Çukurova’da bahar hissettirdi kendini bir kere. Cemre de düştü ki toprağa, dönüşü yok. Sıcaklar ayak tabanını yakmaya başlar ufaktan. Tohumlar kıpırdar, toprak çatlar, kuşlar ılık rüzgârlara besteler yapar… Tarla kenarına dizili sulama kanalları dolup taşar. İnsanlarda tatlı bir telaş başlar. Kimini iş, kimini aş, kimini aşk derdi sarar… Bu telaşın bir sebebi var elbet; Çukurova bereketini sergilemeye hazırlanıyor, yine bilmem kaç milyonuncu kez. Aşk gönüllerdeki yerini tazeliyor, yine bilmem kaç milyonuncu kez. Rahmet sadece toprağa değil gönüllere de düşüyor. Bu rahmetin zahmetini çekecek mevsimlik işçilerde ise inceden bir telaş baş gösteriyor. Sökük çadırlar dikilmeye, üç beş parça kap kacak kalaycıda parlatılmaya, tarla için uygun esvaplar (elbise) yamalanmaya başlandı bile.

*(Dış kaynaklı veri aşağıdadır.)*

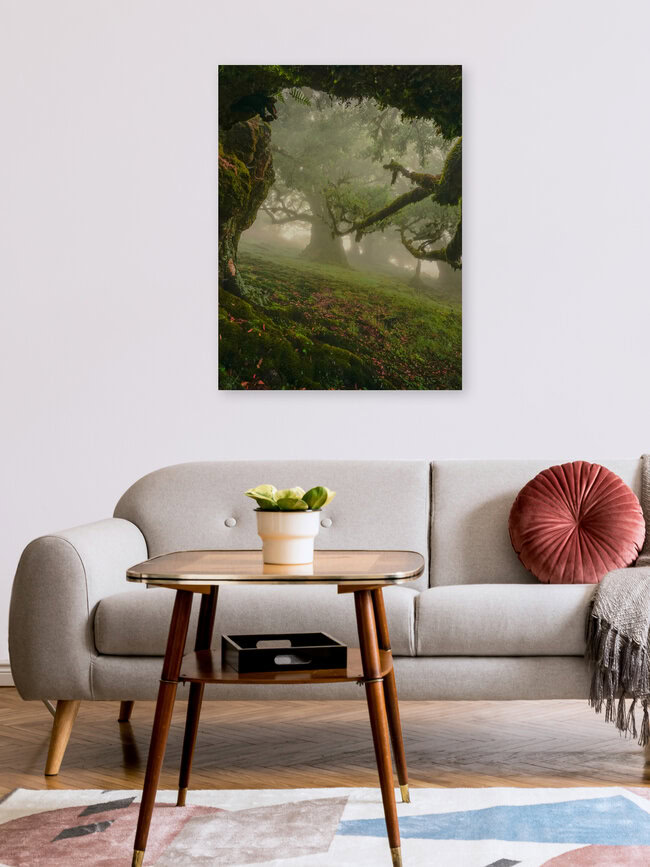 entrance to fairytale forest, Portugal – Fotokunst von Anke Butawitsch als Poster oder Acrylglasbild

Çocuklar ilk aşklarını geride bırakacak olmalarına mı, yoksa güneşin altında kararacak tenlerine mi üzüleceklerine karar vermekle meşguller. Okulu zaten unuttular, her sene hiç olmazsa kışın tebeşirin, kitabın kokusunu alırlardı, bu virüs belası onu da çok gördü ama olsun, yazın tarlada akşam ezanına dek taş ayıklamaktan daha kötü ne olabilir ki? Ama geldi işte yine zalim bahar. Ne yaparsın? Kimisine aşkın müjdecisi kimisine aş’ın mücadelesi.

Kıştan bahara, bahardan yaza mevsimler, koşullar hep değişiyor fakat hayat mücadelesi aynı kalıyor. Her sene bambaşka yüzlerin geldiği Çukurova’da bakışlardaki yorgunluk hiç değişmiyor ve Çukurova’nın kaderi her bahar, yorgun bakışlı mevsimlik işçilerin maharetli ellerinde şekilleniyor. Kaderlerini de şekillendirebilme ihtimali için hepimizin onların sesi olmaya gönüllü olmamız gerekiyor.

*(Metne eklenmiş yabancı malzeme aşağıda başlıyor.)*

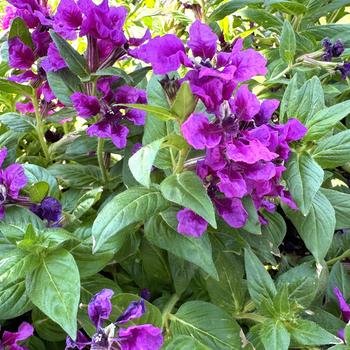 Cuphea procumbens Totally Tempted™ 'Vivid Violet' (272369)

Küçük çadırlarına koca dünyalarını ve koca yüreklerini sığdırıp gelen tarım işçileri kaderlerinin değişeceği günü hayal edecek ve hayatın tam özüne tohumlarını ekip gidecekler. Bir çoğumuz geldiklerini duymadığımız gibi gittiklerini de duymayacağız. Sorunlarını, arzularını dinlemeye vaktimiz olmayacak muhtemelen. Belki göç esnasında tıka basa bindikleri bir minibüsün kazasıyla haber olup birkaç TV programında yer bulacaklar ama ilk dizi filmle unutulacak hepsi. Bizler toprakla beraber gönülleri de işleyen mevsimlik işçileri unutmamak için her platformda onların sesi olmaya çalışmalıyız. Sadece Çukurova değil Türkiye’nin ve dünyanın her bir yanında evlerinden uzakta çalışmak zorunda kalan tüm işçilerin sesi olmalıyız. Bu sorumlulukla ülkemizde mevsimlik işçiler ve genel olarak tarım işçileri ile ilgili yüzlerce film, yüzlerce kitap yazıldı. Hepsi ayrı ayrı kıymetlilerdi.

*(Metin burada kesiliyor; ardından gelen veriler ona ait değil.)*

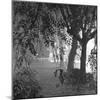 Nightshoot of Park with Trees, London, c.1940-John Gay-Mounted Giclee Print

Sayelerinde mevsimlik işçilerin sorunlarına yabancı değiliz; hatta gayet iyi biliyoruz, belki birçok çözümümüz bile var. Fakat çözümler hayata geçirilmeden önce yapılması gereken mevsimlik işçilerin varlığının hissedilmesi ve duygudaşlık bağının kurulması. Diğer türlü başı belli sonu belli bu hikâyenin kaybedeni hepimiz olacağız. Eğer bu insanlara daha iyi şartlarda, daha sağlıklı ortamlarda, daha insancıl saatler arasında çalışma fırsatı tanınmazsa, mevsimlik işçi olarak kıdem tazminatı, sendika üyeliği ve iş sözleşmesi gibi haklarının olduğu hatırlatılmazsa her akşam çadırlarda beden yorgunluklarına hayal kırıklıkları eklenecek. Yorgun bedenler sabaha yorgun uyanacak, toprağa yorgun bakacak, Seyhan nehrinin üzerini sis kaplayacak… Çocuklar tarladaki taşları toplayacak. İnce Memed Toroslara atını sürecek, Hatçe Memedi’ni bekleyecek…

Bu hikâyenin sonu değişse de değişmese de, her şeye rağmen bahar gelecek, cemre toprağa, iş başa, aşk gönüle düşecek.

YORUMLAR

  1. Kemal dedi ki:

    Yaptığın işte çok yeteneklisin. Her zaman hak ettiğini alamasan da, yeteneğin hayranlık verici. Anlatımın, ifaden çok güzel. Yüreğine, kalemine sağlık. 👏

  2. Semra dedi ki:

    Güzel anlatmışsınız ama bunlar çok eskilerde kaldı. Artık masal oldu

  3. Rıdvan Çicek dedi ki:

    Çukurova’nın mevsimlik işçilerinin ahvalini yazılmış şairane bir dille okumak çok güzeldi kaleminize sağlık 🙏

    Bu hikâyenin sonu değişse de değişmese de, her şeye rağmen bahar gelecek, cemre toprağa, iş başa, aşk gönüle düşecek.